• [Task directions]
Repeat the lines from the one containing "Beautiful Cased Ithaca" through the end of the listing exactly, both ends included. Do not carry over any pictures.

• [Recorded information]
= Beginning of Section =
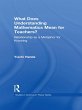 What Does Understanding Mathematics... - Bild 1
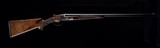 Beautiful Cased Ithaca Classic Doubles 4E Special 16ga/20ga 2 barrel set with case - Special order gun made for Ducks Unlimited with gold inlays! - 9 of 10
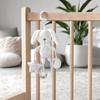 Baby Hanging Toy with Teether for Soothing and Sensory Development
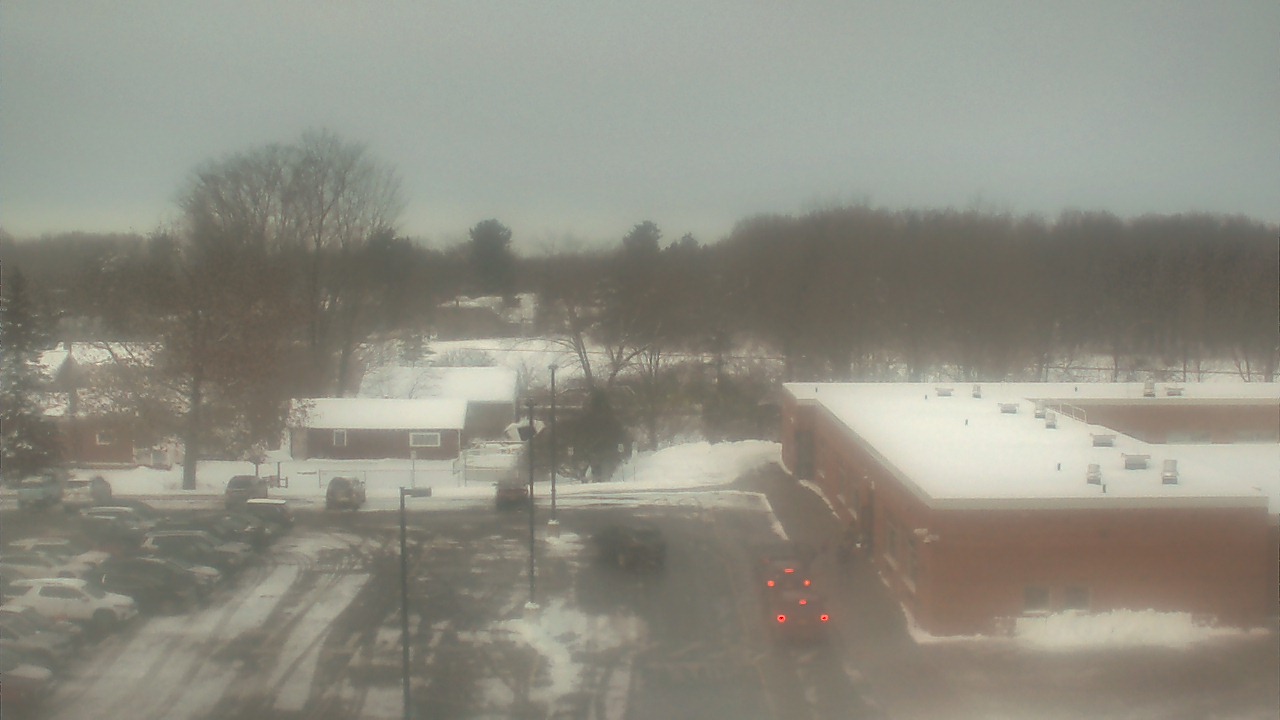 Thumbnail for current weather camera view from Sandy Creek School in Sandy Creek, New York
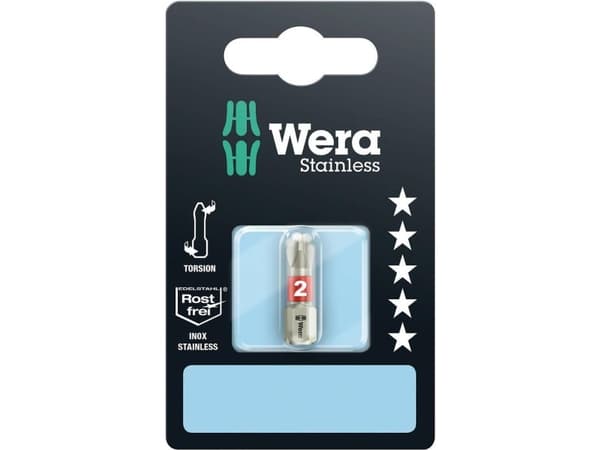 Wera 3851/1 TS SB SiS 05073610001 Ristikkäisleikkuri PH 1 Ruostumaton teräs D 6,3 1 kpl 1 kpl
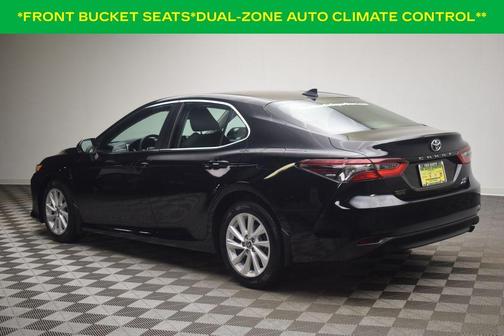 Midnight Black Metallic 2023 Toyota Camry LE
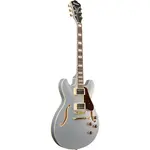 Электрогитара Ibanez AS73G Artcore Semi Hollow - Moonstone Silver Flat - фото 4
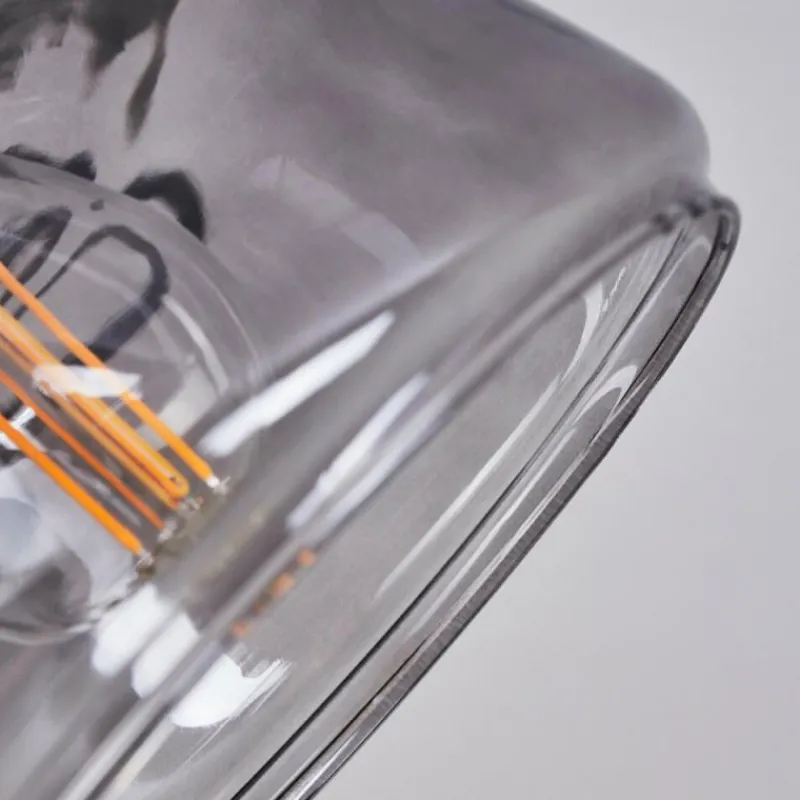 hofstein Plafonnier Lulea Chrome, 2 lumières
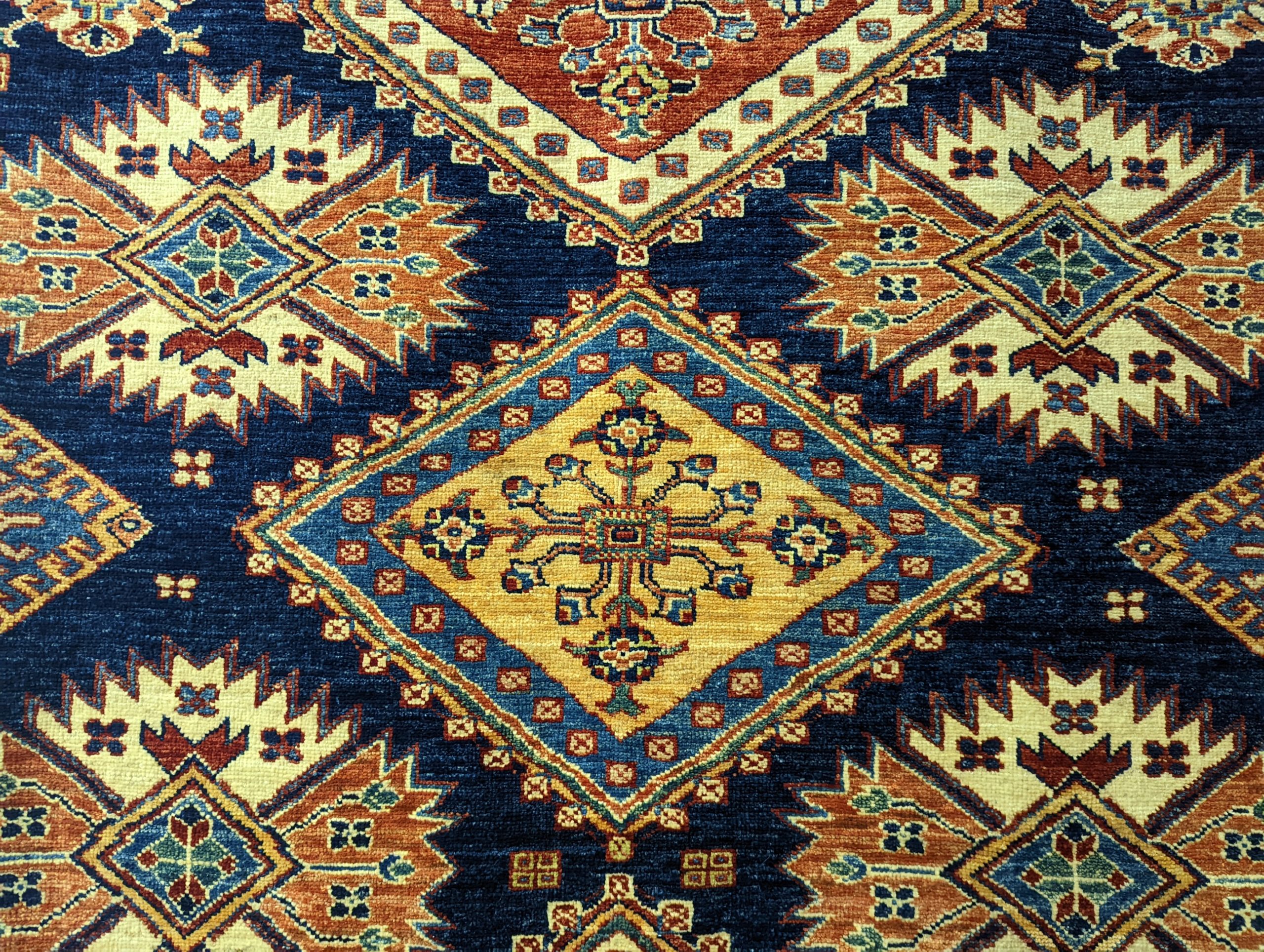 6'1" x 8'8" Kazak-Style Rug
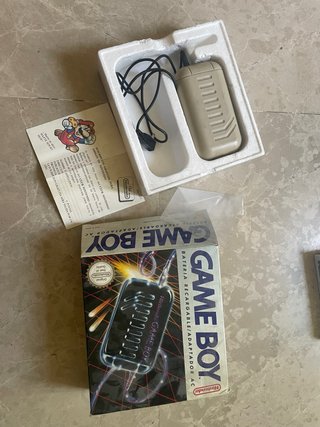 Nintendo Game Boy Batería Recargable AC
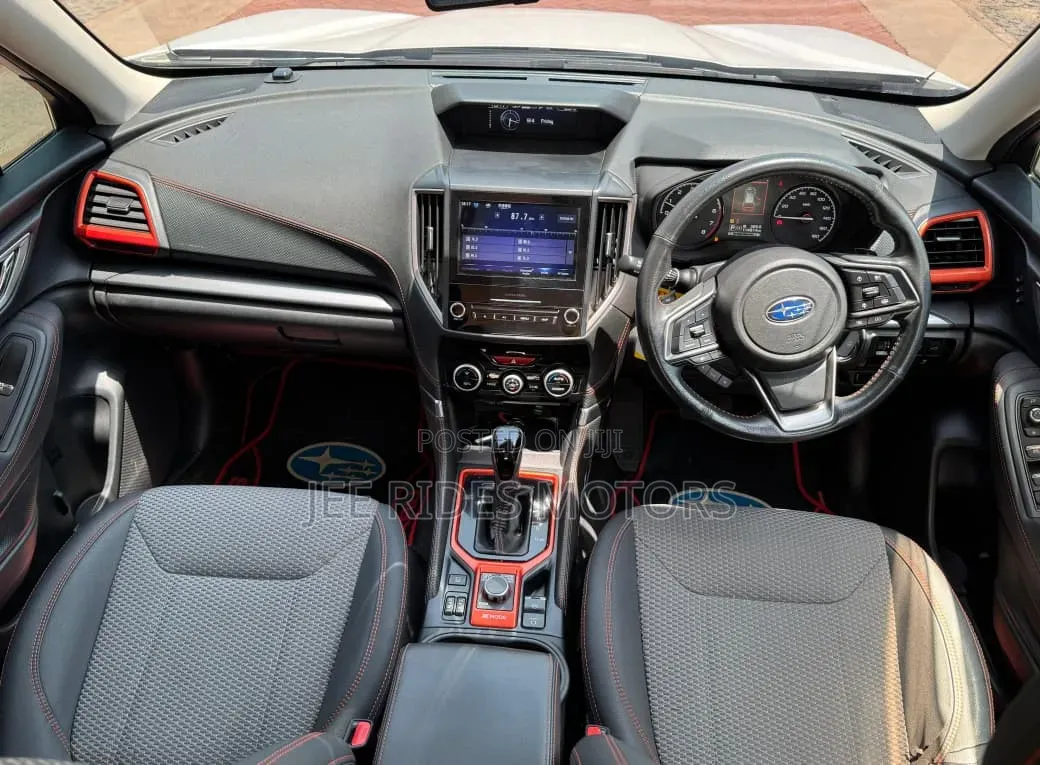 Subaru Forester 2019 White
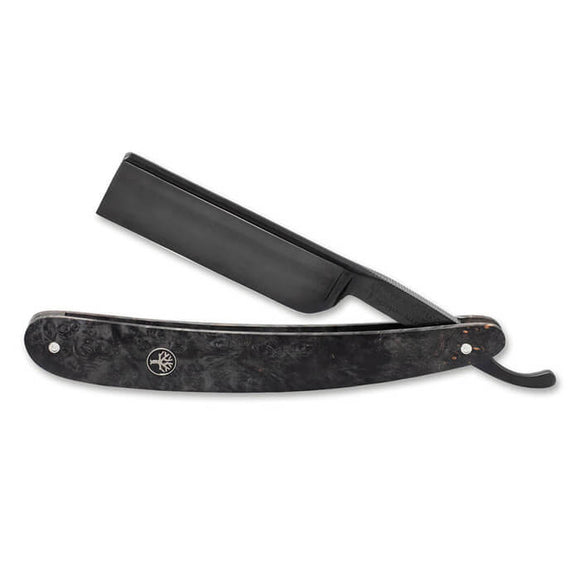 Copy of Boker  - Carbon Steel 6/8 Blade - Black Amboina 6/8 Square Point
= End of Section =
• [Answer section]
 Beautiful Cased Ithaca Classic Doubles 4E Special 16ga/20ga 2 barrel set with case - Special order gun made for Ducks Unlimited with gold inlays! - 9 of 10
 Baby Hanging Toy with Teether for Soothing and Sensory Development
 Thumbnail for current weather camera view from Sandy Creek School in Sandy Creek, New York
 Wera 3851/1 TS SB SiS 05073610001 Ristikkäisleikkuri PH 1 Ruostumaton teräs D 6,3 1 kpl 1 kpl
 Midnight Black Metallic 2023 Toyota Camry LE
 Электрогитара Ibanez AS73G Artcore Semi Hollow - Moonstone Silver Flat - фото 4
 hofstein Plafonnier Lulea Chrome, 2 lumières
 6'1" x 8'8" Kazak-Style Rug
 Nintendo Game Boy Batería Recargable AC
 Subaru Forester 2019 White
 Copy of Boker  - Carbon Steel 6/8 Blade - Black Amboina 6/8 Square Point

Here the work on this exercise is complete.